The court trial itself began on January 10, 1971, and lasted for nine days. Paul was the only one to show up in court, winning a two-shilling bet with a courtroom attendant who insisted that John and Yoko would be there too, not wanting to miss a chance to have it out with Paul in public. But the three others were represented only by affidavits. These affidavits were read aloud in court, the details of which became the next day’s headlines. Some of the less soiled of the Beatles’ dirty laundry was thus washed in public, including the Twickenham Studio tensions and Paul throwing Ringo out of his house.
Paul’s lawyers, who were very well prepared by the Eastmans, took the position that Allen Klein was unscrupulous and they feared for Paul’s interests. They roasted Klein in the process of the trial, bringing testimony to the court that Klein had recently been convicted of ten charges of tax fraud in the United States. The court was urged to appoint a receiver and to freeze the funds.
John, George, Ringo, and Klein’s lawyers had a different story; evidence was introduced that Klein himself had drawn only £150,000 commission from the group since he joined them, a nominal sum indeed when it was disclosed that the Beatles’ earnings had increased by nine million pounds in the previous nineteen months. In fact, Klein had doubled the Beatles’ record royalties of the last eight and a half years. This, it was pointed out, did not include the vast income from John’s and Paul’s songwriting royalties.
On March 10, the high court appointed Mr. J. D. Spooner as receiver of the Beatles’ assets.

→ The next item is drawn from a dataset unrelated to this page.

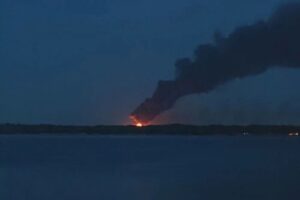 В російському Енгельсі після атаки третій день палає нафтобаза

As a group, at least, Allen Klein no longer represented the Beatles, but he still represented John, George, and Ringo. As large sums of money began to accrue to the receiver, both sides frantically tried to figure out a way to unfreeze them. One major problem, as usual, was the tax. A large tax would have to be paid almost immediately, and John, George, and Ringo wanted Paul to sign a personal indemnification against it. The Eastmans wouldn’t hear of it, and so the money sat.
What followed was a barrage of mean and vitriolic interviews. If Beatles fans were disillusioned by the nastiness of the trial, John and Paul proceeded to destroy any respect for them that might have been left. The most notable interview of this period was John’s 30,000 word “Working Class Hero” interview with
Rolling Stone’
s Jann Wenner, in which the Beatles’ breakup was discussed with any truthfulness for the first time. The interview also touched on John’s relationship with Brian and Yoko and accounted for the Beatles’ breakup “because we were tired of being side-men for Paul.”
In response, Paul gave a rare interview to England’s
Melody Maker
in which he said, “I just want the four of us to get together and sign a piece of paper saying it’s all over, and we want to divide the money four ways… But John won’t do it. Everybody thinks I am the aggressor, but I’m not. I just want out.”